#2173 | Wednesday, September 11th 2002
It had been a normal day at school but as we boarded the bus an eery silence set in as we all strained to listen to the news on the radio. It didn't really sink in at first but as soon as I set foot in the house and watched the news for hours and hours and saw all the footage of the devestation it became all too real. The pain got worse every day as more details were released and the death toll rose. But its worst now, exactly one year on, sure we try to get on with life but every time the pictures flash up on the television your reminded of the horific events of 9-11. Living in England theres 1000's of miles between us and America but not even the hugest distance can stop us feeling the pain and loss.

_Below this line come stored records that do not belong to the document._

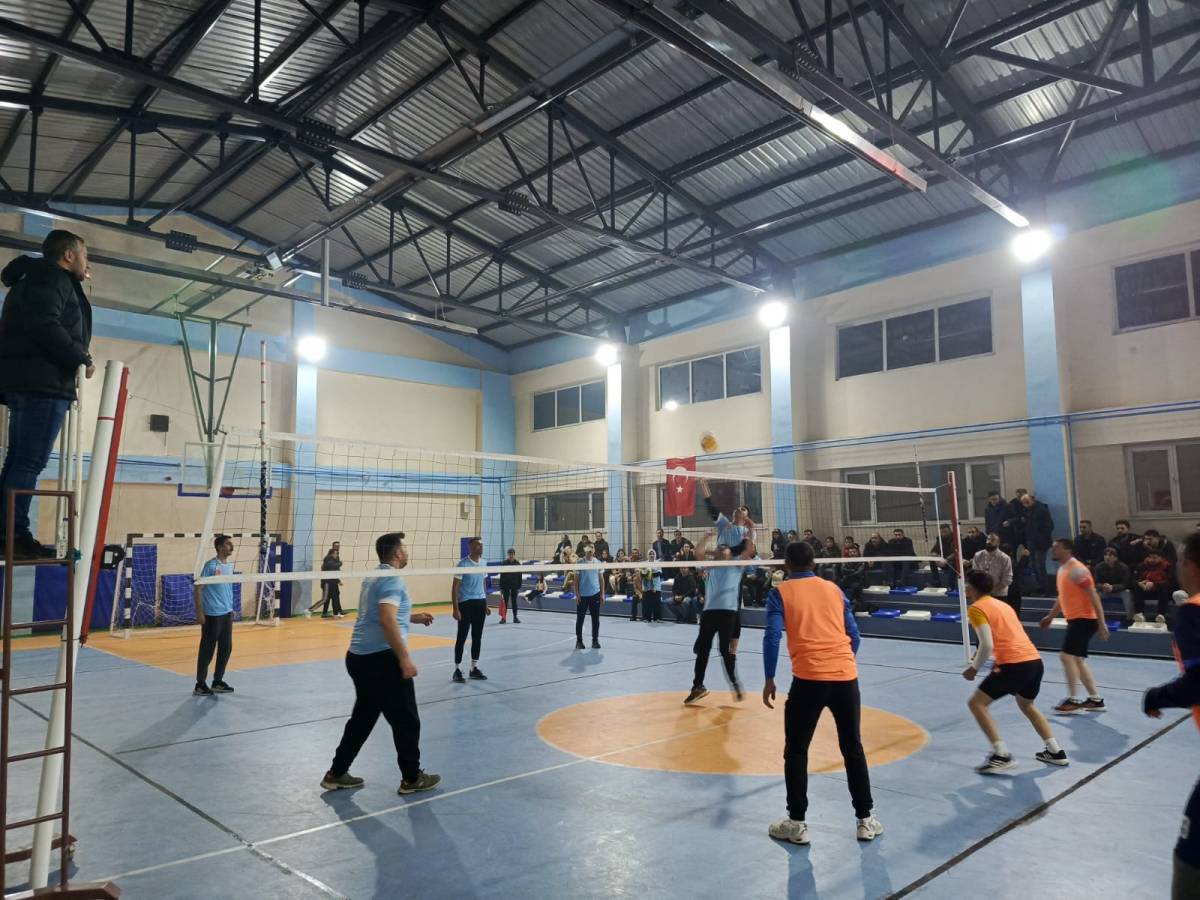 Taşlıçay’da Kurumlar Arası Voleybol Turnuvası Başladı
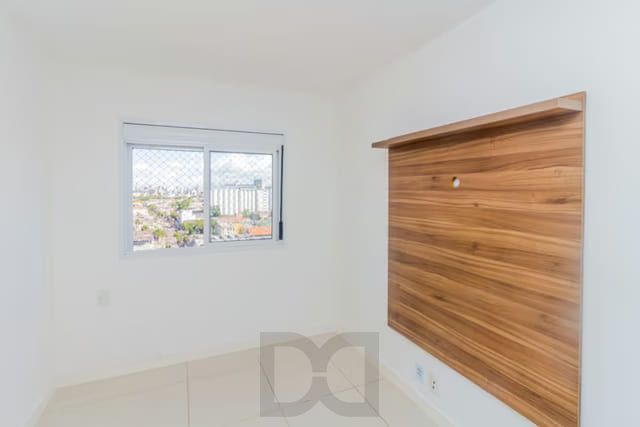 Apartamento de 2 dormitórios à venda em São Geraldo, Porto Alegre. — foto 7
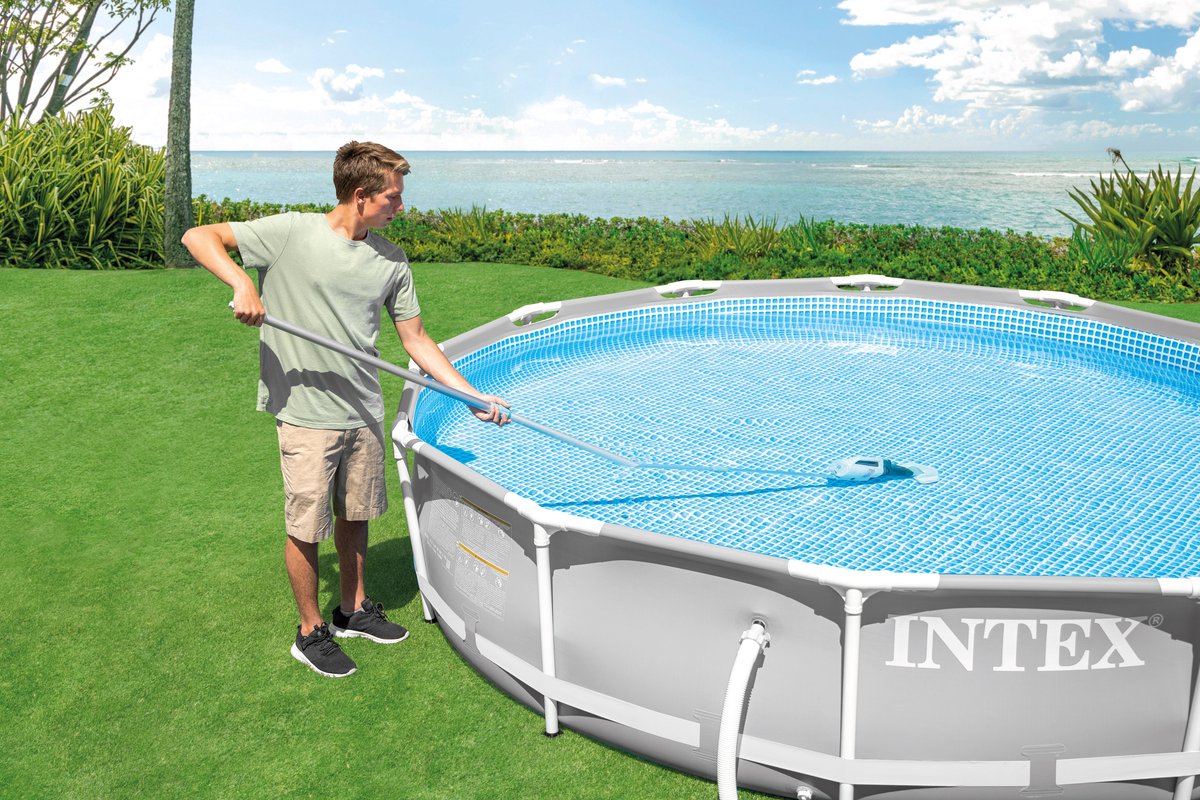 Intex ZR200 Handzaam Oplaadbaar Zwembad en Spa Stofzuiger — afbeelding 4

Antonia | 14 | United Kingdom

#2161 | Wednesday, September 11th 2002
I was in health class when attack happened. This kid in my class, Kevin, had just come from the nurse telling me that they had the radio on in there and it said that a plane had crashed into the Pentagon and ruined it, and planes crashed into the World Trade Center as well. I didn't believe him (because he's not the type of kid that tells the truth all the time), until my teacher Ms. Page came in to escort us back to homeroom, when she told our health teacher Ms. Zale that two planes hit each of the World Trade towers and the Pentagon. Then I thought that it was actually true and Kevin was telling the truth for once. Throughout the whole rest of the day we weren't allowed to talk about it, and I didn't like that because everyone was really curious and we had a right to know what happened. All afterschool activities were cancelled so I had to go strait home. My mom had been home sick all day, so she told me everything that happened and it was all over TV. I think it was very horrible for those people to do this, and it was very cowardly of them to do it. We will never forget!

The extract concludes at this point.